Hydrogen (H) is generally considered the most detrimental element in steel, as its dissolution can lead to defects such as hydrogen embrittlement and white spots. Similar to oxygen and nitrogen, hydrogen has extremely low solubility in solid steel. When dissolved in molten steel at high temperatures, it may accumulate in the microstructure upon cooling, forming tiny high-pressure pores that drastically reduce the steel’s plasticity, toughness, and fatigue strength. In severe cases, this can result in cracks and brittle fractures. “Hydrogen embrittlement” is primarily observed in martensitic steels, less prominently in ferritic steels, and generally increases alongside hardness and carbon content.

On the other hand, hydrogen can enhance the magnetic permeability of steel but also increases coercivity and iron loss (coercivity can increase by 0.5 to 2 times after hydrogen addition).

Boron (B) plays a crucial role in steel by increasing its hardenability, thereby enabling the conservation of other more expensive metals such as nickel, chromium, and molybdenum. For this purpose, its content is typically specified within the range of 0.001% to 0.005%. Boron can substitute for 1.6% nickel, 0.3% chromium, or 0.2% molybdenum. However, caution should be exercised when substituting molybdenum with boron, as molybdenum prevents or reduces temper brittleness, while boron slightly promotes it. Therefore, molybdenum cannot be fully replaced by boron.
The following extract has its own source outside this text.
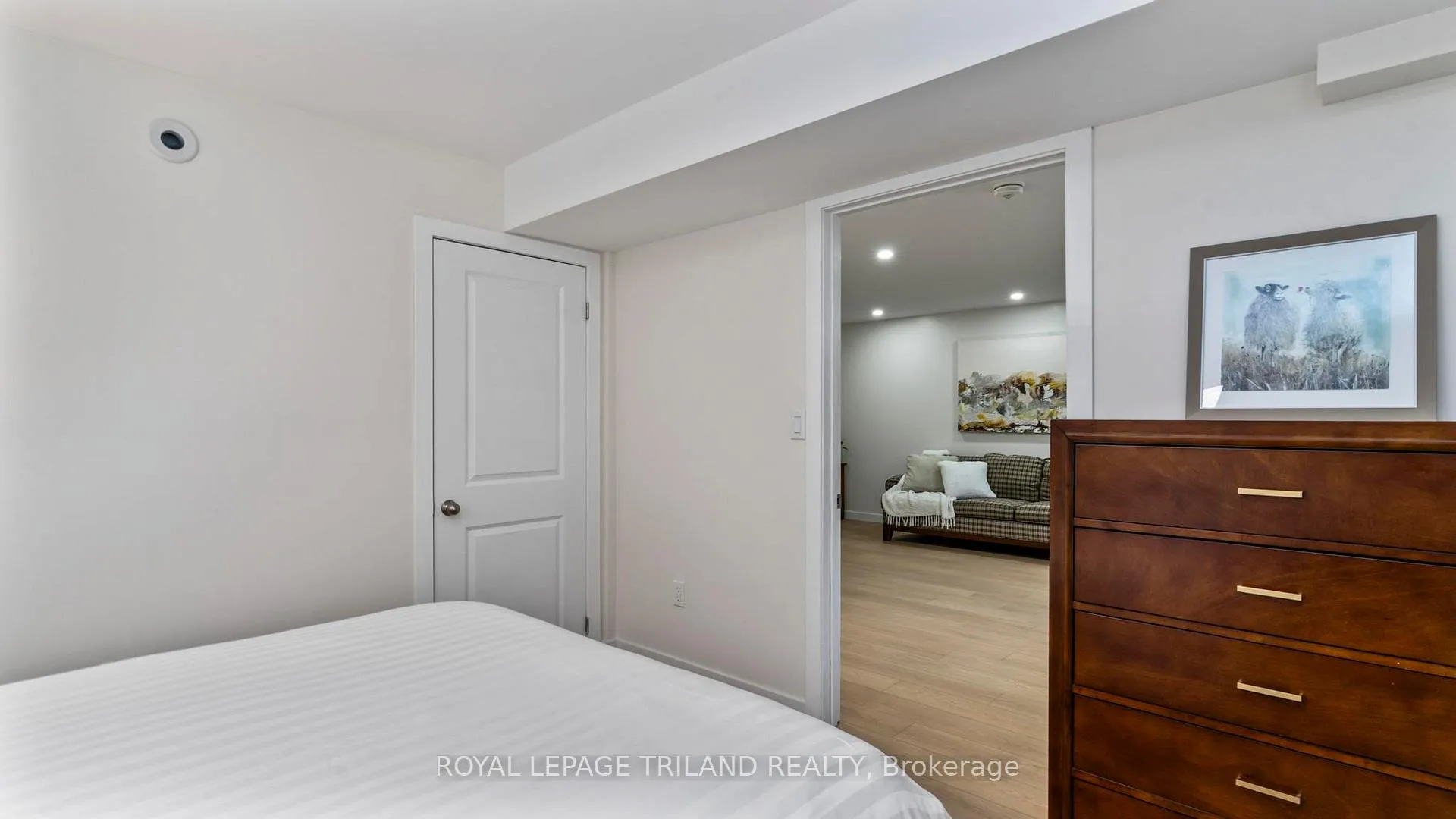Photo 23 of 60 Ashberry Place, St. Thomas — HOMEH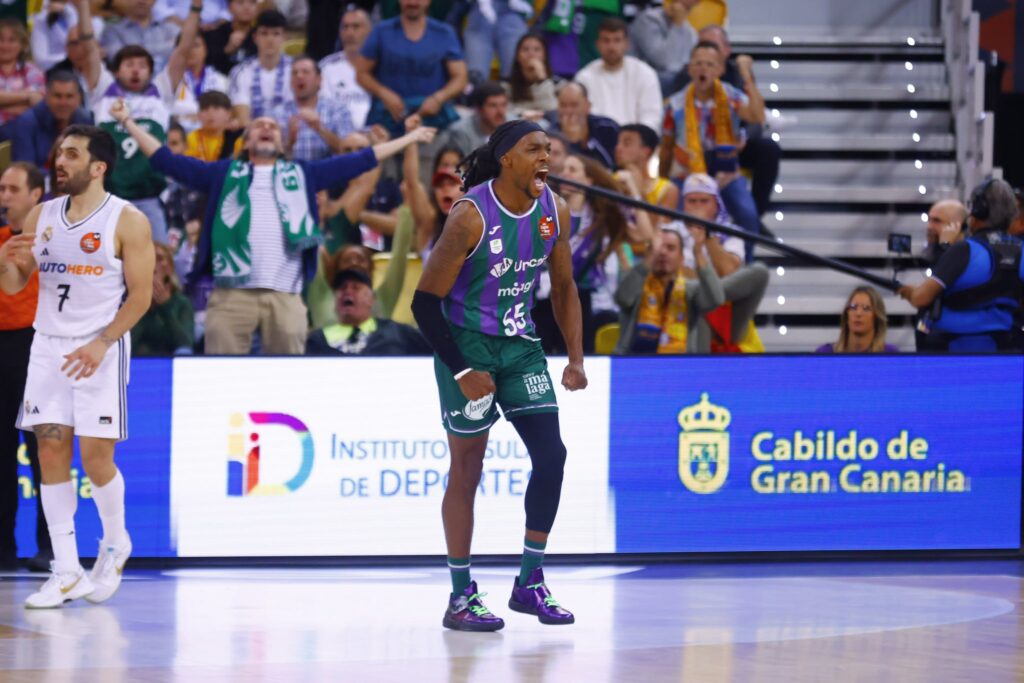 Unicaja, campeón con un Kendrick Perry que se vistió de LeBron (93-79) Kendrick Perry celebrando una canasta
The addition of boron to medium-carbon steel significantly improves the properties of steel thicker than 20mm after quenching and tempering due to enhanced hardenability. Consequently, 40B and 40MnB steels can replace 40Cr, and 20Mn2TiB steel can substitute for 20CrMnTi carburized steel. However, the effectiveness of boron diminishes or even disappears as the carbon content in steel increases. When selecting carburized boron steel, it is essential to consider that the hardenability of the carburized layer will be lower than that of the core.

Spring steels typically require complete hardenability, and the use of boron-containing steel is advantageous due to their typically small spring areas. However, the effect of boron fluctuates significantly in high-silicon spring steels, making them less suitable for this purpose.

Boron has a strong affinity with nitrogen and oxygen. Adding 0.007% boron to rimmed steel can eliminate aging phenomena.